Intimate partners have been encouraged to open up and develop a talking culture in their relationships in order to curb the escalating gender based violence (GBV).
Communication has been pointed out as one of the most important aspects of a satisfying marriage. Facilitators and participants of Talking with the Thabas television show said this during the filming of an episode on GBV on Saturday at Mass Media Complex.
The coordinators of the show, a couple Percy and Ashley Thaba said partners develop bad habits and create destructive patterns when things are not going well in their relationships or marriages. Therefore, they explained that the show is aimed at helping people deal with real life issues in their marriages. Worried by the escalating GBV cases in Botswana the Thabas said they came up with the topic to tackle and discuss GBV for healthier marriages. Ashley said the discussion on GBV that will soon be aired on Btv would go a long way in making a difference and helping families as many women suffer at the hands of their partners. She also said a majority of people especially women are abused by their partners but they suffer in silence. She therefore challenged them to break the silence, open up and develop a talking culture.
“There is need for Batswana to develop a talking culture. Our culture does not allow us to talk things out. Even children were taught to keep quiet and not allowed to talk things out, but if we want to curb GBV we should develop a talking culture from young age,” Ashley advised.
She said a majority of men are not open in their relationships, marriages because they grew up under a culture that restricts them to open up. Ashley said there is need for children to be taught to open up, express their views from a tender age so that when faced with
“Most of the intimate partner violence cases go unreported as women who most of the time are victims do not report or open up on such abuse. Some women do not open up because they cannot afford to lose their partners or put them to jail while some fear to be victimised. However, with this talk show we want people to develop a talking culture,” she said.
Sharing the same sentiments, Percy said culturally as an African man he knows that husbands or males in relationships, marriages believe they are superior because they are the head of the family.
He however stated couples complement each other hence they should listen to each other despite the gender difference. He further stated that the magnitude of violence against women has tremendous negative impact on both individuals and the society as a whole.

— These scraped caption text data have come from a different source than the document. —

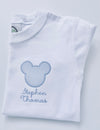 Boy’s Crewneck White Tee Shirt Personalized with Mister Mouse Blue Gingham Applique Design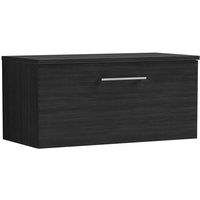 Nuie Arno 800mm Wall Hung 1 Drawer Vanity & Worktop Charcoal Black, Black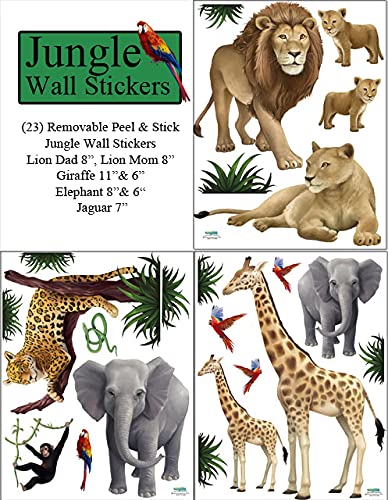 Create-A-Mural Small Jungle Animal Wall Decals (23) Lion, Elephant, Giraffe, Jaguar, Monkey Peel & Stick Wild Jungle Safari Theme Ideas Kids Room Decor Wall Stickers Birthday Decoration - Image 3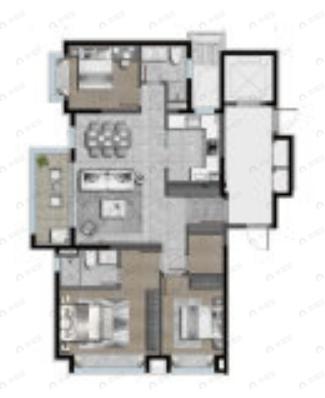 越秀仁恒·天樾园和3室2厅2卫户型图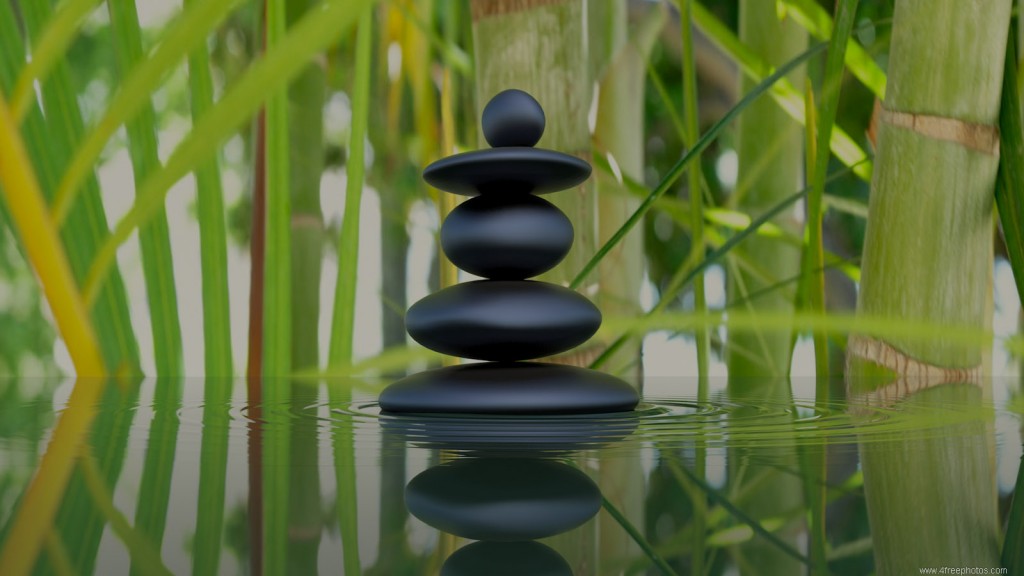 Zen stones and bamboo reflection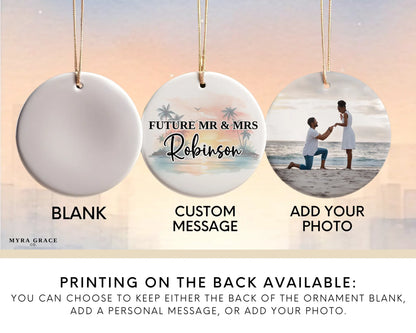 Florida Engagement Ornament Custom Gift Souvenir Bauble Present. Add your photo. Photo ornament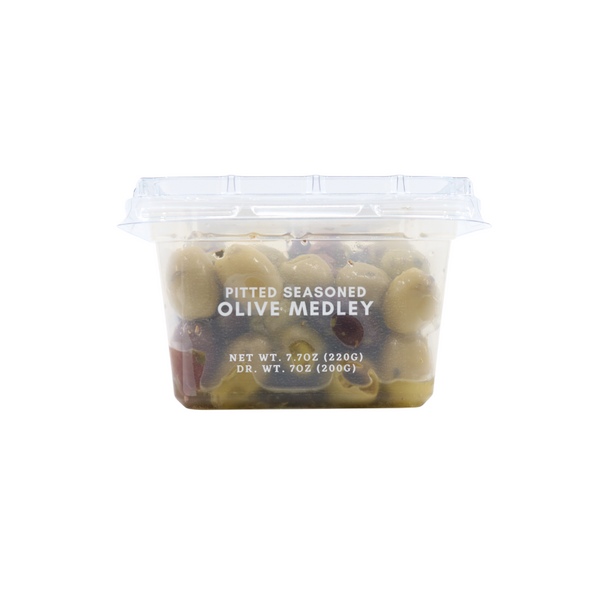 Olives, Pitted seasoned Olive Medley. 7oz.
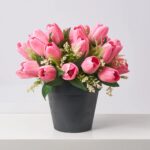 Faux Pink Tulip Outdoor Urn Filler Spring Summer Arrangement - Pink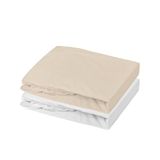 Mon PTIT Dodo Set van 2 hoeslakens, jersey, wit/nude, 70 x 140 cm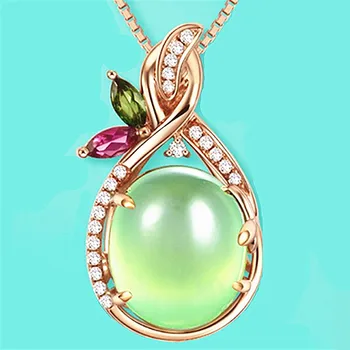 

Multicolor crystal green agate gemstones diamonds pendant necklaces for women rose gold color choker jewelry bijoux gifts new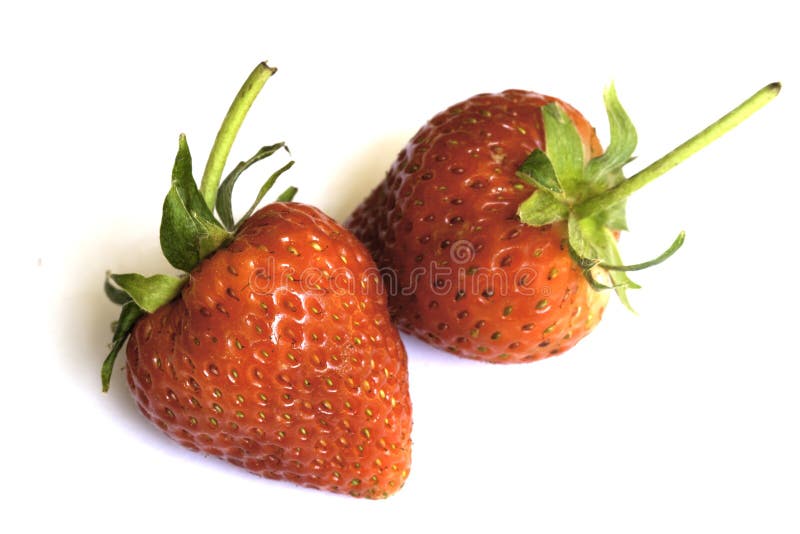 Red strawberries on white background in thailand. Red strawberries on white background in thailand
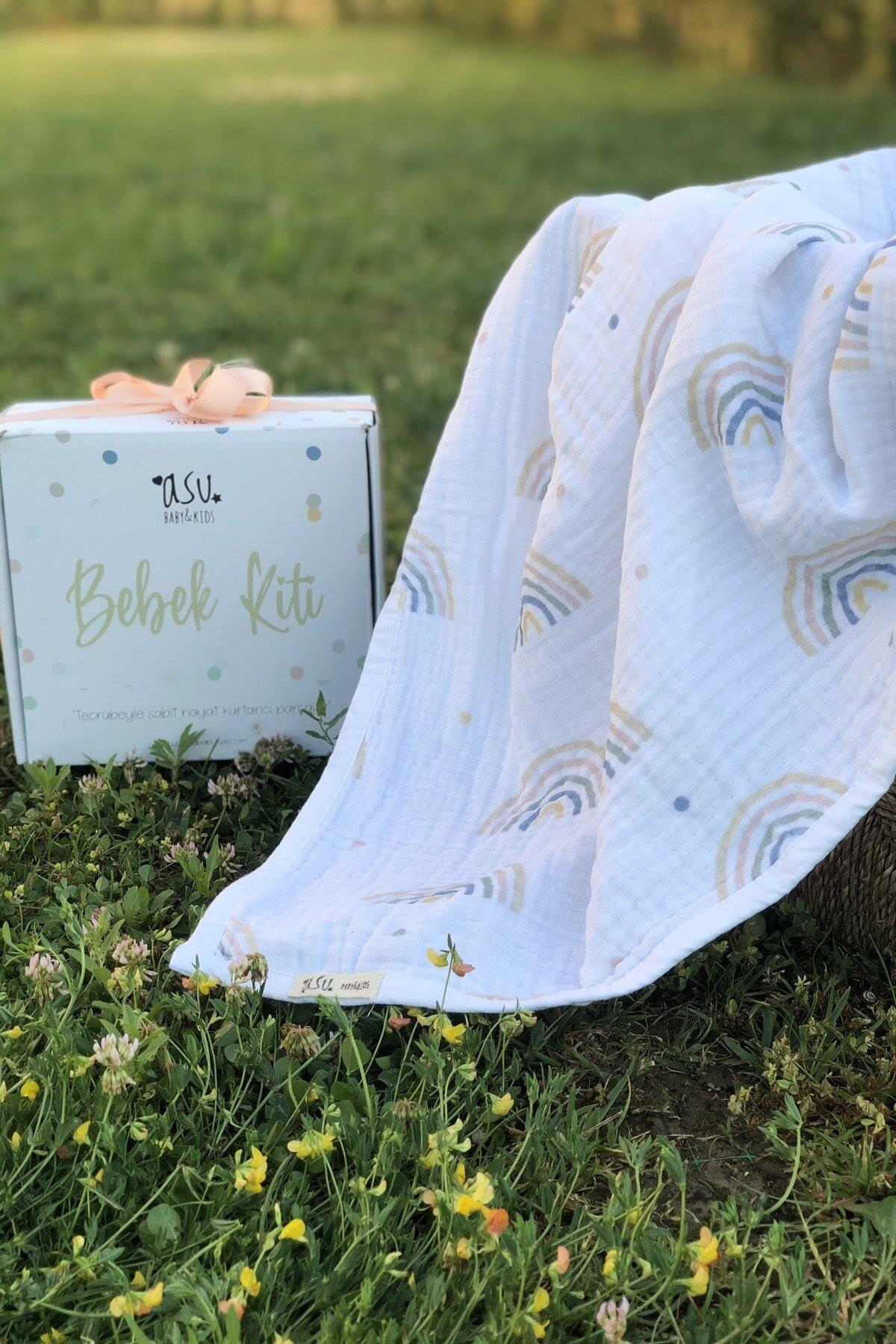 Asu Baby&Kids  Pastel Rainbow Organik 4 Kat  Müslin Battaniye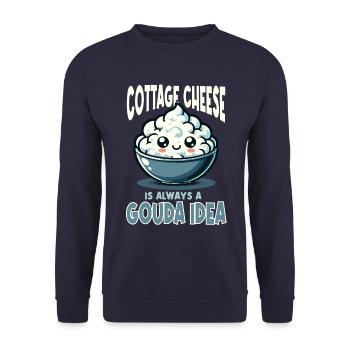 Cottage Cheese Gouda Idea - Unisex Sweatshirt - navy - Front - Alina (178cm) & Michal (187cm)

Bonno Valencia Gaefele, a GBV survivor who was shot seven times and is currently living with bullets in her head after her late husband shot her before committing suicide, shared her experiences. She called on people who are currently in abusive relationships to open up before it was too late. The mother of two who said she got married at a young age called on parents to listen to their children especially when disclosing to them their marriage problems and react on time.
“I was sent back to my husband by my own mother despite disclosing to her the abuse that I was suffering at the hands of my husband. She was even against the idea of divorce stating that it will bring shame to her home up until I was shot and nearly killed,” Gaefele said.